Items from a data source
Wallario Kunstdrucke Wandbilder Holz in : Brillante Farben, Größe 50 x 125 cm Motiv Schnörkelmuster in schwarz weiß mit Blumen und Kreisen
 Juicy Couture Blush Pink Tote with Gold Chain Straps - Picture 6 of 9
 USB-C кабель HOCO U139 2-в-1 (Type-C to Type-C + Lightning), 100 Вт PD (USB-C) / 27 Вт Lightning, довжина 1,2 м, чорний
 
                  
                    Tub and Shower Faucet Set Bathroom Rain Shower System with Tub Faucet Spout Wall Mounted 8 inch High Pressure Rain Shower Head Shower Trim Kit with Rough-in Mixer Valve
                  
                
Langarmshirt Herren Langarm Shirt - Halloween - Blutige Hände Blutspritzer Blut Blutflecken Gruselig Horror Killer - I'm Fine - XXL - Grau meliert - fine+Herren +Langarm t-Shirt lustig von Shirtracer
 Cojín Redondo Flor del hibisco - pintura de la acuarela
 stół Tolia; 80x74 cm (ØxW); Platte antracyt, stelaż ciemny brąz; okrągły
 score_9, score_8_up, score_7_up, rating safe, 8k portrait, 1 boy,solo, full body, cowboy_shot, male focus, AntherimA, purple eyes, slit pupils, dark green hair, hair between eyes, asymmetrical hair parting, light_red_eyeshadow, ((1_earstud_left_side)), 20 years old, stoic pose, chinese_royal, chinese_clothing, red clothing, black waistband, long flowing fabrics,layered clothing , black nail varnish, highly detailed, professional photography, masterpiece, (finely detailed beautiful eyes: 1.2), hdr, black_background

| Your goal |
Read through the lines above and collect those that contain the string "with".

| Your solution |
 Juicy Couture Blush Pink Tote with Gold Chain Straps - Picture 6 of 9
                    Tub and Shower Faucet Set Bathroom Rain Shower System with Tub Faucet Spout Wall Mounted 8 inch High Pressure Rain Shower Head Shower Trim Kit with Rough-in Mixer Valve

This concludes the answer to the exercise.